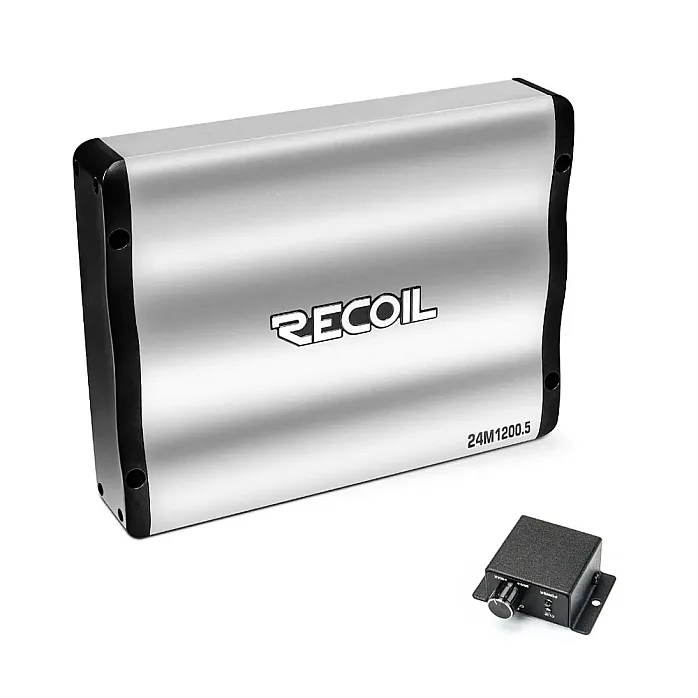 Recoil 24M1200.5 Class D 5 Channel Car Amplifier 24V 1200W
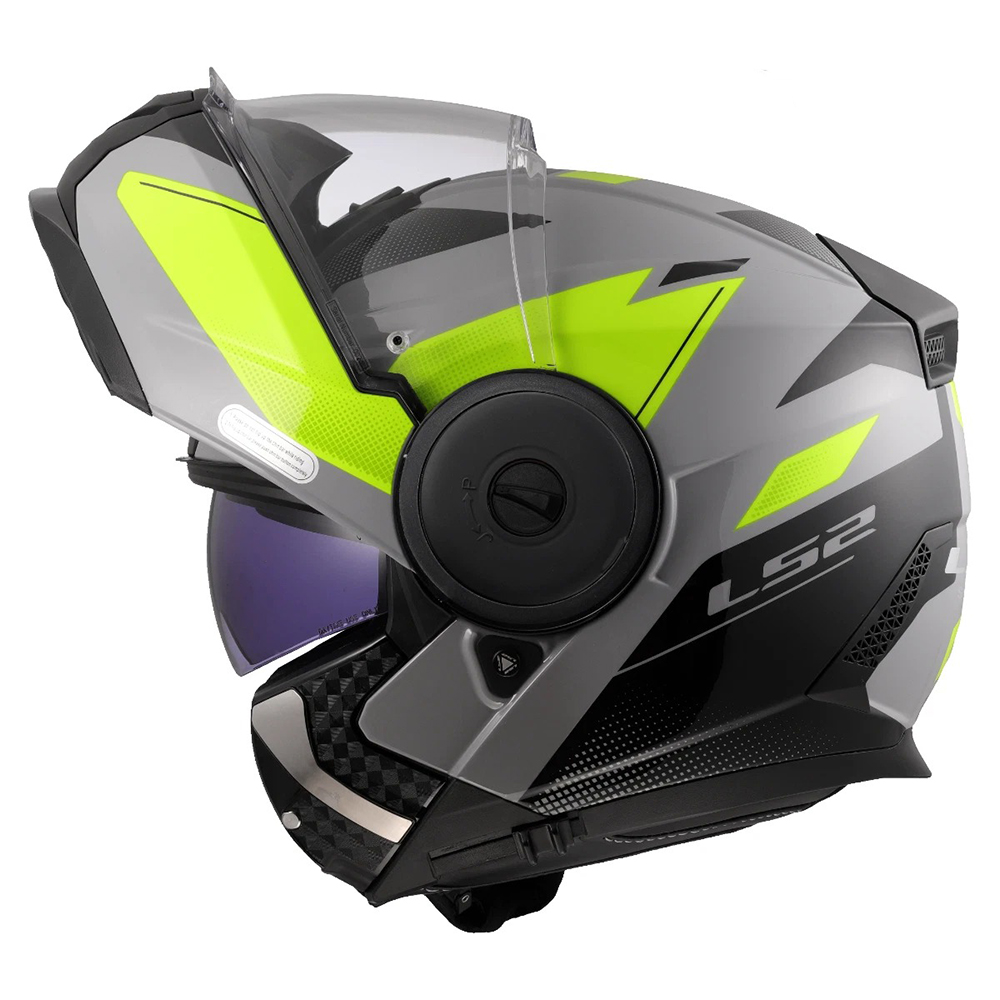 LS2 FF902 SCOPE II HELMET - DURIA GREY YELLOW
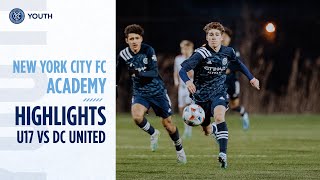 Boys Academy Highlights | NYCFC U17 vs DC United | April 3, 2022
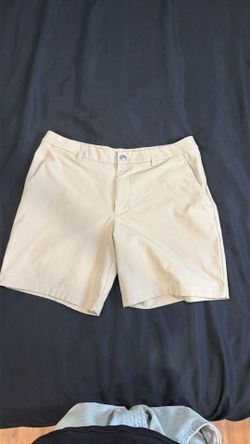 lululemon abc short 34 khaki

Activity → Ignore the images and quote every line of the listing exactly.

Reply →
 Recoil 24M1200.5 Class D 5 Channel Car Amplifier 24V 1200W
 LS2 FF902 SCOPE II HELMET - DURIA GREY YELLOW
 Boys Academy Highlights | NYCFC U17 vs DC United | April 3, 2022
 lululemon abc short 34 khaki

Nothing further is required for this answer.